The HER proceeds in a multistep electrochemical process, via one of two pathways which are known as the Volmer–Tafel and the Volmer–Heyrovsky mechanisms. The first step of HER is the H* adsorption on the electrocatalyst surface (i.e., Volmer reaction), which is described by H+  + e  → H*. Then, H* combines with H+ and an electron (e) to form a H2 molecule, known as the Heyrovsky step, which is described by H* + H+  + e  → H2. Alternatively, H2 molecule can be formed via the Tafel step, i.e., the combination of two H* on the electrocatalyst surface, which is described by 2H* → H2 [63].
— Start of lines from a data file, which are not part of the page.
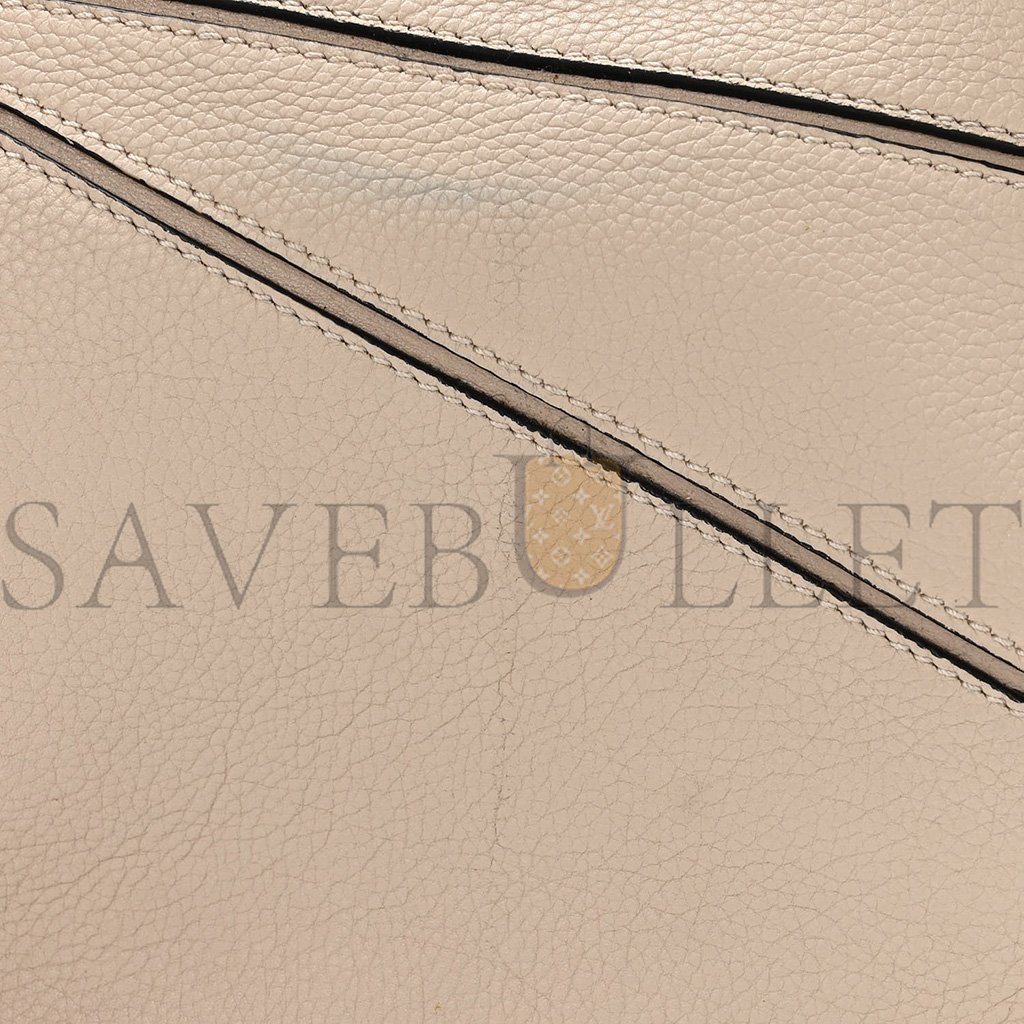 LOEWE GRAINED CALFSKIN SMALL PUZZLE BAG SAND (24*16.5*10.5cm)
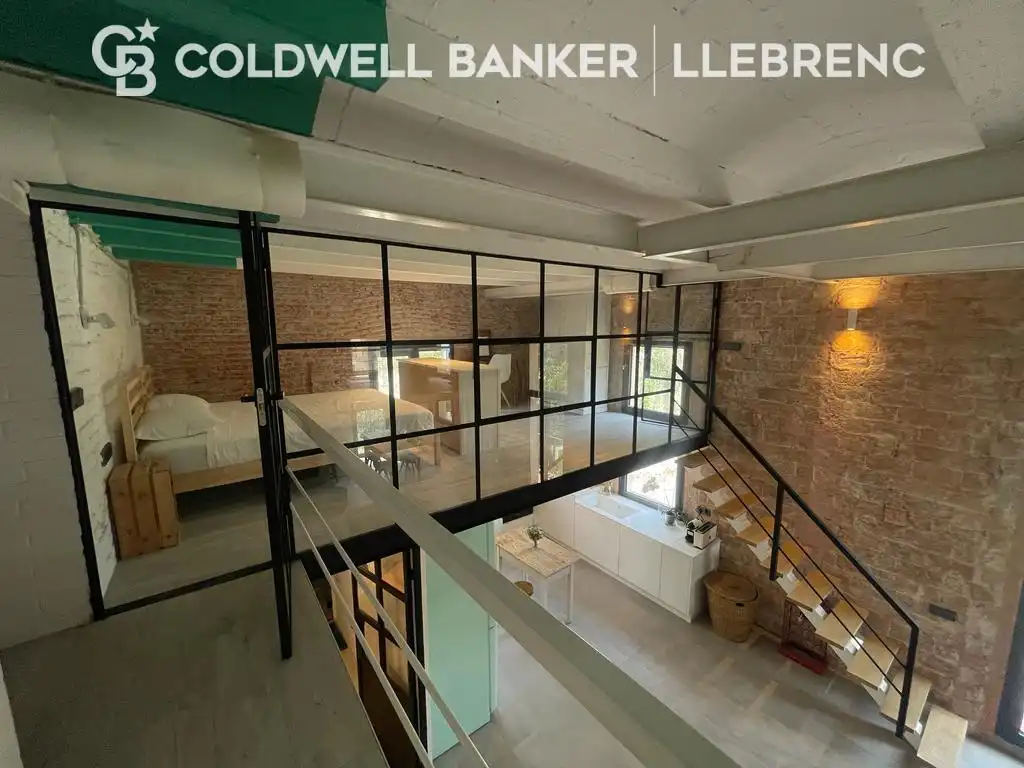 Terrasse von Maisonette zum Verkauf in Barcelona mit Parkett, Möbliert und Ofen
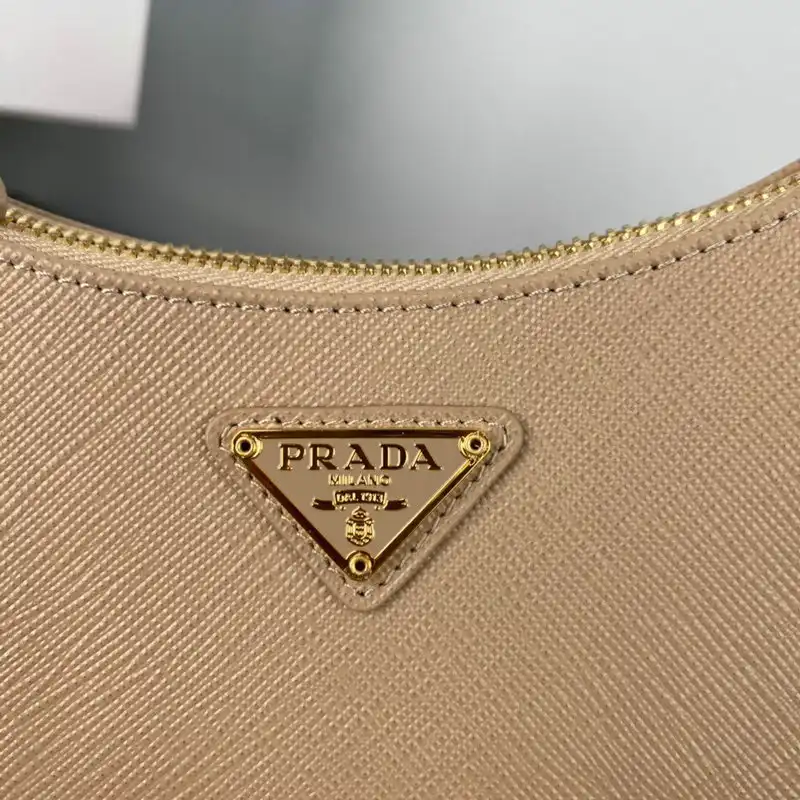 Prada Bag 2209YZ0052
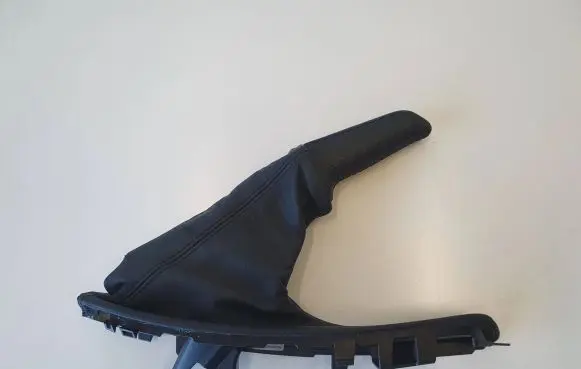 BMW 1 E82 E88 Handbrake trim 8036111 9500G66009HAL 14943410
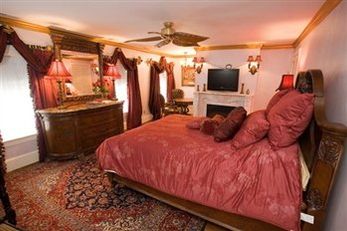 1840s Carrollton Inn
To investigate the defection and doping engineering effects on PG and further understand the mechanism of superior HER activity, the energy barriers of Tafel and Heyrovsky reactions with C2-UP and C2-DOWN vacancies, S-, P-doped PG for C1 site were calculated. The initial state (IS), the final state (FS) and the transition state (TS) are displayed in Fig. 9 with the corresponding energy barriers. For the Tafel reaction, the recombination of 2H* shows energy barriers of 1.51 eV (S-doped), 1.32 eV (P-doped), respectively. Whereas the release of a H2 molecule in the Heyrovsky reaction involved in a proton reacting with an adsorbed H* needs to overcome the energy barriers of 1.01 eV (S-doped), 0.99 eV (P-doped), respectively. The results reveal that the energy barriers of Tafel reaction are significantly higher than that of the Heyrovsky reaction. So the HER on defect and doped PG prefers the Volmer–Heyrovsky mechanism.

Fig. 9
figure 9

Schematic pathways for the HER. Energy profiles for the Tafel and Heyrovsky reactions with a C2-UP vacancy and S-doped PG, b C2-DOWN vacancy and S-doped PG, c C2-UP vacancy and P-doped PG, d C2-DOWN vacancy and P-doped PG. The initial state (IS), the transition state (TS) and the final state (FS) are indicated in the diagram with the corresponding energy barriers

Conclusions

We theoretically designed a C vacancy and N-, S-, P-doped PG and investigated their stability and unique role of electrocatalyst toward HER systematically. We find that defection and doping engineering possess a superior HER performance over the pristine PG. Importantly, the optimal HER activity can be achieved with C2 vacancies and S, P heteroatoms doping, which indicates that the catalytic properties of the defect and doped PG can be tuned easily and effectively. Our calculations reveal that ΔGH decreases significantly with C2 vacancies and S, P heteroatom doping, and the optimal conditions can be achieved with P doping at C1 active sites, for which defection or doping engineering alone cannot achieve the optimal conditions. The electronic structure analysis shows that when C2 vacancy and S, P heteroatom doping are introduced, several new defection states move closer to the Fermi level, leading to the narrower band gap and an improvement of the hydrogen adsorption strength. We also find the charge transfer from PG to H* by calculating the electron charge density differences, the larger charge transfer to H*, the closer ΔGH values to zero by using Bader charges analysis, which indicates the optimal performance for a HER catalyst. And we further demonstrate the HER on defect and doped PG prefers the Volmer–Heyrovsky mechanism. So our study shows that the designed defect and doped PG is highly activated toward HER electrocatalyst, the optimal HER activity can be achieved, and abundant catalytic activity sites are provided. It is expected that the strategies developed in this paper may be applied for designing 2D graphene-based electrocatalysts for low-cost and high-performance HER applications.